La oración ha de insistir hasta la importunidad, si fuera posible con Dios, y no detenerse por ella, como temía Abrahán, que al dejar de interceder cortó el manantial de la salvación para Sodoma y Gomorra. La oración tanto alcanza cuanto espera.
Jesús insiste en que es a nuestro Padre a quien pedimos, buscamos y llamamos como hijos pequeños necesitados de todo.
Y nos indica cuál es el mayor don del Padre, lo que de verdad merece la pena pedir, buscar y desear: el Espíritu Santo, que es el Amor de Dios, su luz, su fuerza, su gozo y su paz.
El Evangelio de esta semana nos trae como tema la oración, encuentro del Dios y el creyente, en un dialogo al que tenemos que abrirnos poniéndonos en las manos de Dios, con una infinita confianza porque es nuestro Padre, como reza la oración del P. Foucauld.

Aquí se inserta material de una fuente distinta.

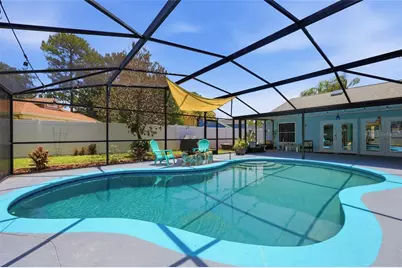 1014 Conley Drive, Oviedo, FL 32765 - Photo 30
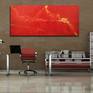 This is what it would look like in an office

Así en una primera parte no enseña la oración de la confianza, el Padrenuestro que debemos repetir hasta la saciedad
A continuación nos dice cómo tiene que ser nuestra oración, constante y no porque Dios esté sordo y no se entere, sino porque en la constancia encontraremos el momento adecuado para nosotros de conectar con el Señor.
Por último, nos exhorta a orar pidiendo, buscando y llamando.

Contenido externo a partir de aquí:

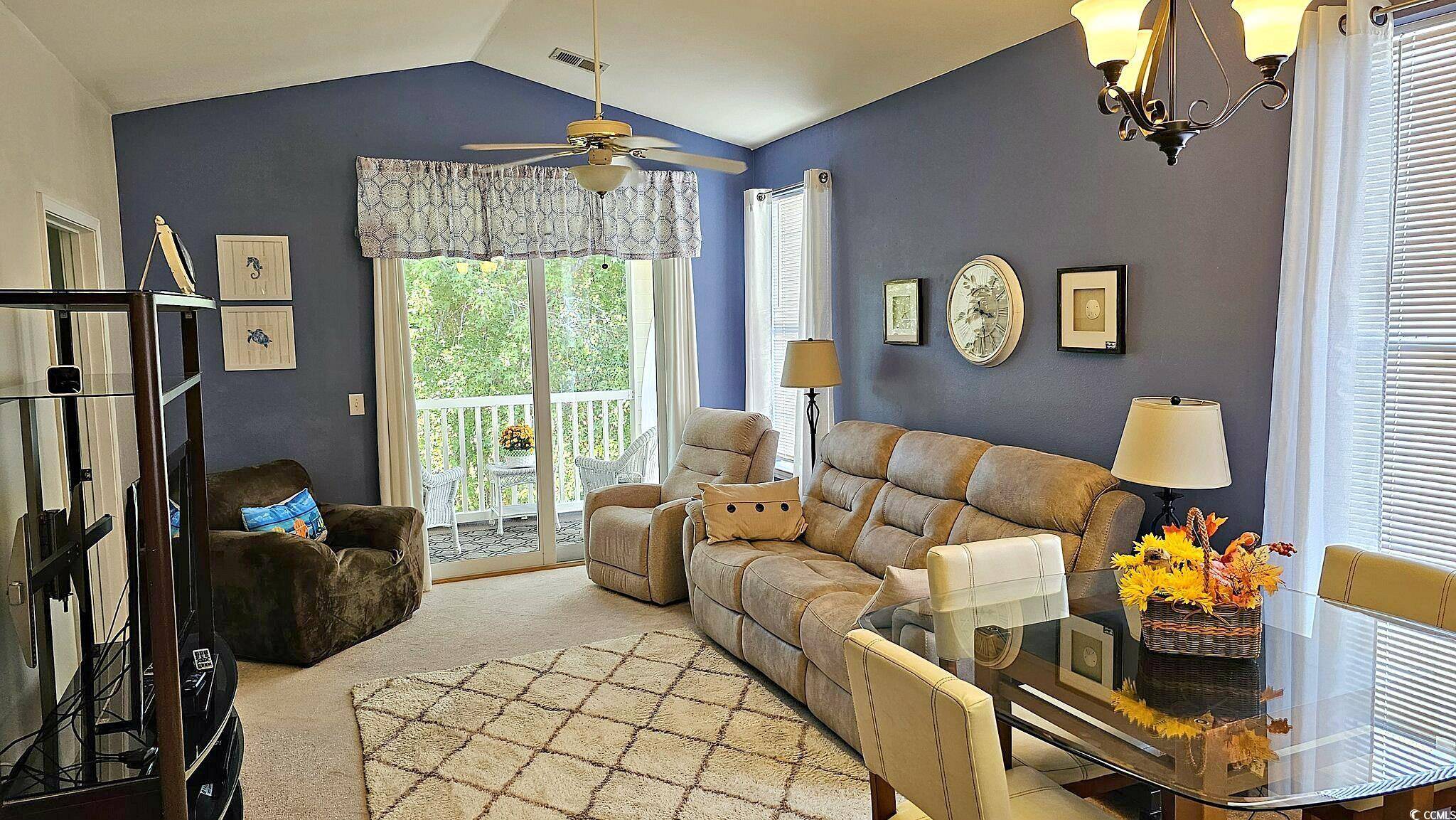 Myrtle Beach, SC 29579,1286 River Oaks Dr. #8-N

Pidiendo por nuestras necesidades y las de los hermanos: hay muchos Movimientos Eclesiales donde existen los llamados “intercesores”, personas en que turno diario elevan una oración constante dios durante las veinte y cuatro horas del día, presentando a Dios las necesidades de la Iglesia y en nombre de ella alabarlo, adorarlo y darle gracias.
Orar buscando la voluntad de Dios sobre nosotros y dando respuestas con nuestra vida
Y orar llamando insistentemente para que los corazones se abran a Dios en una conversión de cada día.
La oración, disiento del compañero de página Paco Echevarria, más que una actividad es una actitud del cristiano, del hombre/mujer creyente que hace de su vida una oración constante a Dios.
Hoy las iglesias, desgraciadamente y hay excepciones, están cerradas y los fieles disponen de poco más del tiempo de la celebración de la Eucaristía para estar en los templos, pero recuerdo dos conversiones sonadas en la Iglesia, la del que fuera Cardenal de Paris, Jean Marie Lustiger y la de Edith Stein, esta santa, ambos judíos que empezaron su fe por entrar en una iglesia abierta durante en día y en la que vieron que los fieles entraban, rezaban y salían, ellos entraron judíos y ni siquiera practicantes y salieron con la semilla de la fe cristina en su alma; la oración de esas personas sencillas, quizás jubilados y amas de casas le dejaron un principio de inquietud que le llevaron a la conversión.
Tengo que decir que en Roma me llamó la atención de que había muchas iglesias con el Santísimo expuesto y en nuestra diócesis conozco el caso de la Concepción hasta mediodía y el de la capilla de S. Sebastián de Bonares de diez de la mañana a siete de la tarde, en ésta última con un turno de adoración constante.
No digamos que S. Sebastián y Las Agustinas, cumplen este servicio pues se deja a los orantes al pie de la calle e inmerso en el ruido del exterior.
No tengamos miedo de abrir nuestras iglesias, que si roban, a lo mejor se hace un favor a un ladrón necesitado o no es necesario lo que roben, pues puede que sea superfluo y de lo superfluo, ya lo dijo Juan Pablo II, hay que desprenderse (SRS).
Busquemos y encontraremos el modo de tener ese encuentro diario con Dios, necesario para nosotros y nuestros hermanos.